Truthfully, we use a rag to do our dirty work, then hang it up and forget it. After we’ve gotten what we want.
This example is obviously utilitarian. And honestly our behavior is just as transparent. Unfortunately though our willful ignorance keeps us blind. We all like to think we’re better. We care. And we have a list of examples of how much we give a shit.
None of us want this, relationship littered with justifications. But we settle. We grow comforted by routine, massaged by familiar patterns, we convienetly forget how we are the ones using the wet rag to wipe up our troubles.
We are though clearly, we are users and abusers. Even if they are too – it’s a business partnership, and if we care to make a difference in the world, we should confront ourselves first. Or at least take to heart what our beloved partners say. They may be angry and say things in the heat of the moment they take back. But so many of those things are the words of the Buddha, or Jesus or whoever that we need to hear but would prefer to ignore.
Which is why we have business relationships in the first place. And we know what we shouldn’t tell our partners. We know precisely what hurts our lovers and we tiptoe, tiptoe tiptoe – then use our knowledge as pointy spears to wring more use from our poor little rag friends.

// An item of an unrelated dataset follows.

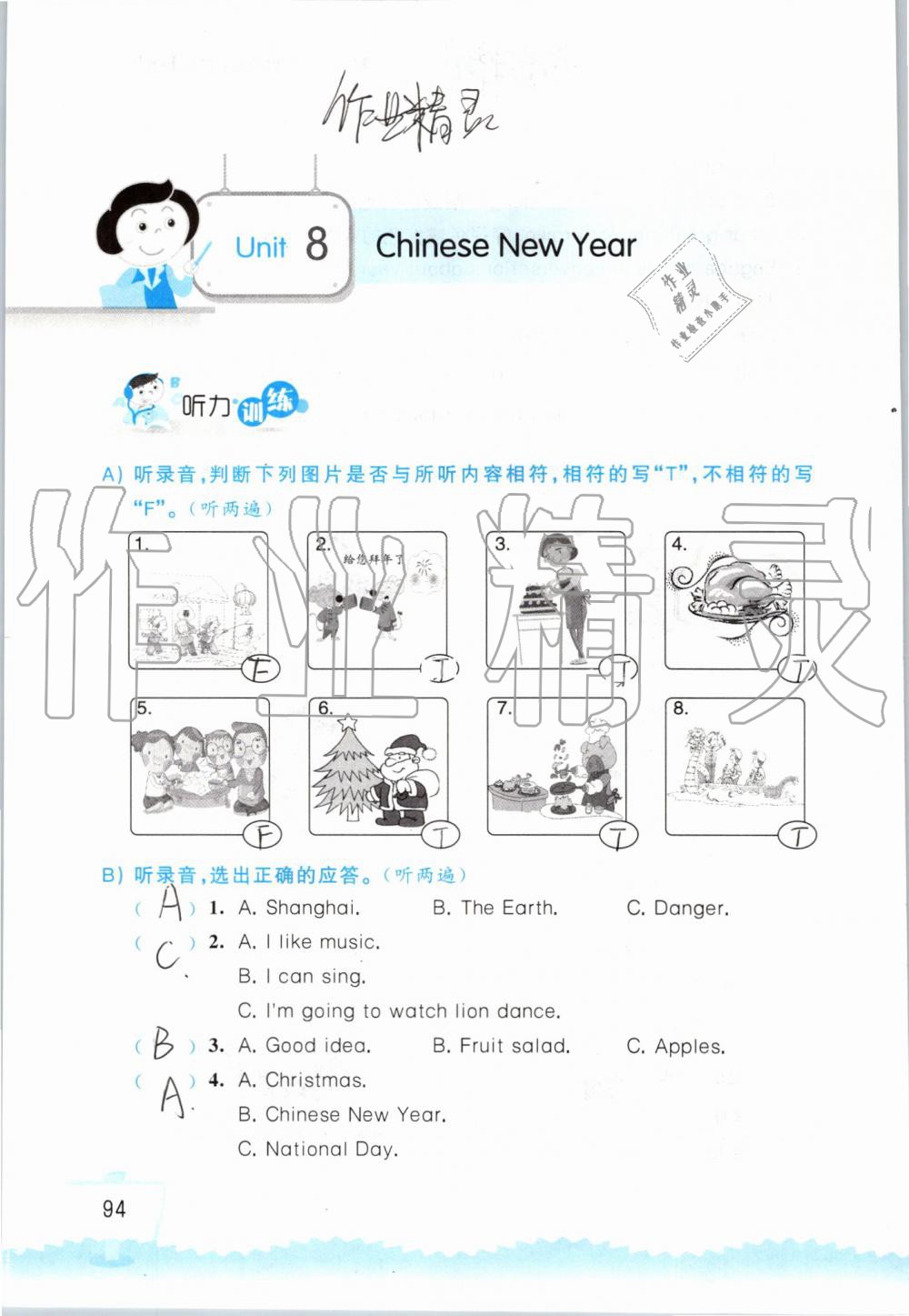 Unit 8  Chinese New Year - 第94页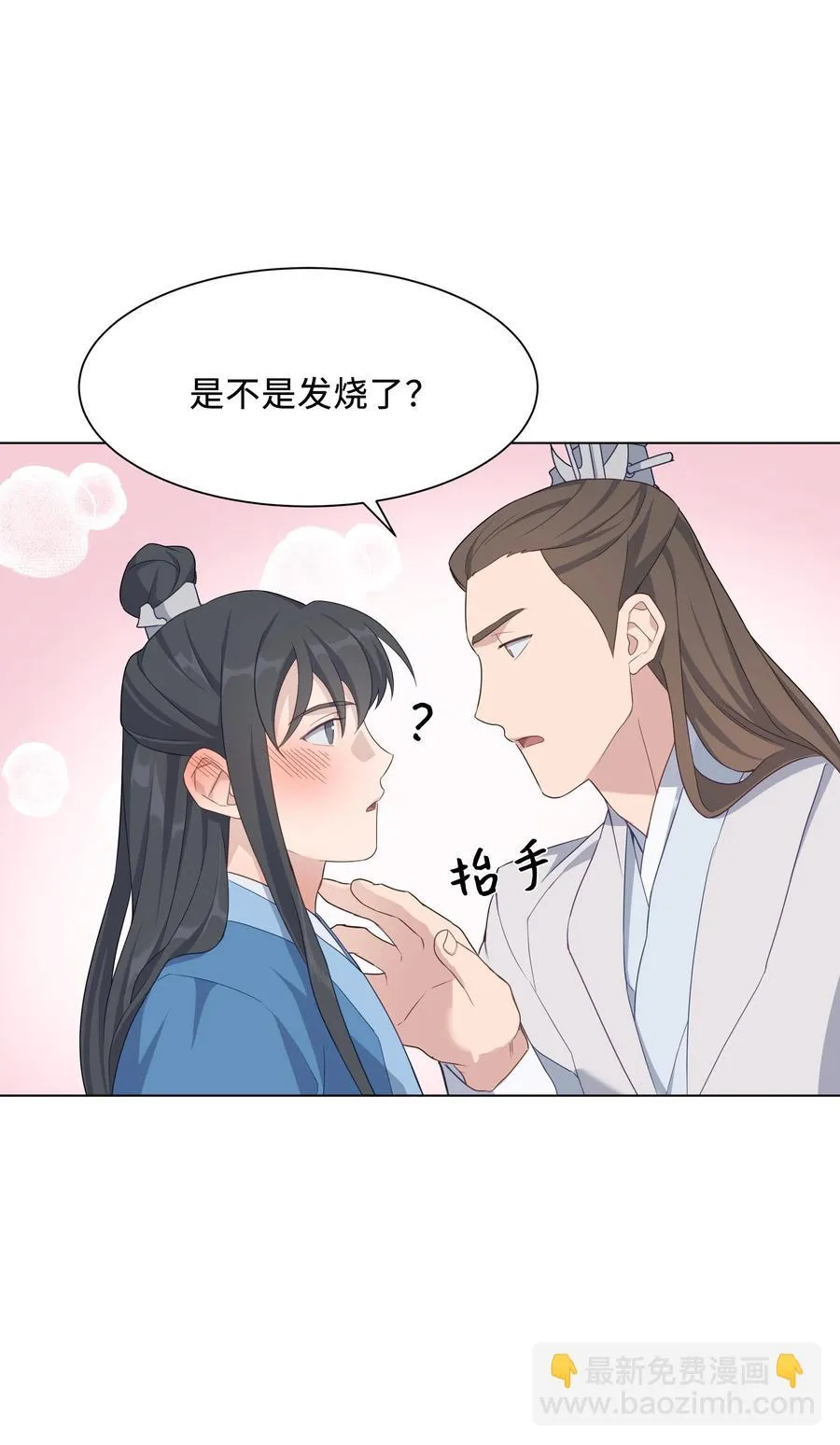 43 副作用（1） 第29页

The why of this is complex, but can be broken down into a few convienent things to laugh at. First we are lacking confidence in the enlightenment. We don’t believe we can give up our little pointy Spears and survive in this cutthroat world. It’s so beautiful!
We as individuals are lacking personal inspiration and examples. However this doesn’t mean we are trapped in our normal conditioned ways of relating. We can inspire ourselves. It’s left with us, or up to us, however you want to look at it.
We could be brave enough to say the things instead of tiptoeing around. We could tell the people we love that we know them authentically – and though it might take some time, this kind of love goes a little further than just liking people for their complimentary qualities.
We have to do this, and we have to start with ourselves. We can’t do anything for others until we’ve visited our depths, seen our shitty motivation and developed a friendship with ego’s stupidity. Having that friendship. Little by little we can say the things to others.
We can say all the things without animosity. We have to. This is what compassion and patience are all about. Compassion is not about being merely nice to people. Compassion is being nice to all of what people are, and you can’t be nice to all of someone, if you’re hiding from yourself or hiding your dirt in someone else.
And patience. Patience isn’t about waiting for the best time to do this or say that. Patience is about saying the right things, the right wrong things, then not freaking out to try and fix the effect of the things, that we don’t like. Patience let’s life happen, but it doesn’t give up. Patience isn’t waiting.